The cost in extra bits of coding for the wrong distribution. Cross-entropy and the bridge to ML.
Suppose you build the perfect compression code for a distribution q — the code lengths −log₂ q(x) are minimal in expectation under q. Then the world hands you data sampled from a different distribution, p. How many extra bits per symbol do you pay? The answer is the Kullback-Leibler divergence:
D(p ‖ q) = Σ p(x) log [p(x) / q(x)]
That is the entire object. It is the gap between the average code length you actually achieve, called the cross-entropy H(p, q) = −Σ p log q, and the optimal rate H(p) you would have hit with a code matched to p. The bookkeeping lines up exactly:
H(p, q) = H(p) + D(p ‖ q)
KL is always nonnegative (Gibbs' inequality), zero if and only if p equals q, and — crucially — asymmetric: in general D(p ‖ q) does not equal D(q ‖ p), so KL is not a metric. It is a one-sided cost, and the side it sees from matters.
See also: Information Theory in ML for KL and cross-entropy as the loss function for classification, and Shannon Entropy for the H(p) you are subtracting from H(p, q).

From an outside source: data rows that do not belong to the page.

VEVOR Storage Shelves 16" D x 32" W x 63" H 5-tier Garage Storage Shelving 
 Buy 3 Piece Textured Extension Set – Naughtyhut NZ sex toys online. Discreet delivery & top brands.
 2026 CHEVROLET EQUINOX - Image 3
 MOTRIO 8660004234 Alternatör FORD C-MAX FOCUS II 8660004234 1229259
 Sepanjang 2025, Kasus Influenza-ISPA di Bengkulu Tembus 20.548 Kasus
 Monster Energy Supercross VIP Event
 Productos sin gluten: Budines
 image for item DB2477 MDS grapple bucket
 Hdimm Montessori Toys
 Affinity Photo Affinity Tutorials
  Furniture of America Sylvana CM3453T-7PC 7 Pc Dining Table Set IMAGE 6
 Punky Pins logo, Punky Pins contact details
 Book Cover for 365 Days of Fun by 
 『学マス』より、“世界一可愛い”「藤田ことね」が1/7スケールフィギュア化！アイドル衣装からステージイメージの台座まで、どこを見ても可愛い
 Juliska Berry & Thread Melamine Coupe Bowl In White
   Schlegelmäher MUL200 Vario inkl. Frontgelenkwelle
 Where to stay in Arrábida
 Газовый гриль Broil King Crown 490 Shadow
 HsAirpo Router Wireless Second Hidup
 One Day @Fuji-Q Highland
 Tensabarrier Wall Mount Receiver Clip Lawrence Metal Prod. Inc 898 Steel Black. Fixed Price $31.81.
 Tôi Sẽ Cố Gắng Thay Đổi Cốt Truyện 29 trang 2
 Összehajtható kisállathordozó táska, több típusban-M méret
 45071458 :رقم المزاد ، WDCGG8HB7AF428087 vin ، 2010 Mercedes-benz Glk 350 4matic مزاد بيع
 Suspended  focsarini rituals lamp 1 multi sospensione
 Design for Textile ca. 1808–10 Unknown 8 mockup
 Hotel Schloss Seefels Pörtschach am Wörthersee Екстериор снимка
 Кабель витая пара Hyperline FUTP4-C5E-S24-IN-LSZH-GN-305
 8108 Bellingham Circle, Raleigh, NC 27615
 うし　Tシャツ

Pick which distribution you are editing, then drag any orange or blue bar up or down. The other bars in that distribution rescale automatically. Notice that D(p ‖ q) and D(q ‖ p) are usually different — that is the famous asymmetry of KL. Try the Support Mismatch preset: q assigns probability zero to a symbol p still uses, and D(p ‖ q) blows up to infinity.
Symbols come from the source distribution p but you encode them with a Huffman code built for q. The blue stacks under each symbol show that code's actual length; the dashed orange tick is the ideal length −log₂ p_i. Drag the slider to morph q toward p — the code lengths shift to match, the cross-entropy H(p, q) falls toward the entropy H(p), and the gap D(p ‖ q) — the wasted bits per symbol — collapses to zero. Cross-entropy is exactly H(p) plus that waste.
Closed form: D = log(σ_q/σ_p) + (σ_p² + (μ_p − μ_q)²) / (2σ_q²) − 1/2. When σ_p = σ_q, swapping the means leaves D unchanged — the formula only sees (μ_p − μ_q)². But swapping the variances usually changes D, because σ_p and σ_q play different roles in the closed form. Setting μ_p = μ_q and σ_p = σ_q gives D = 0 exactly.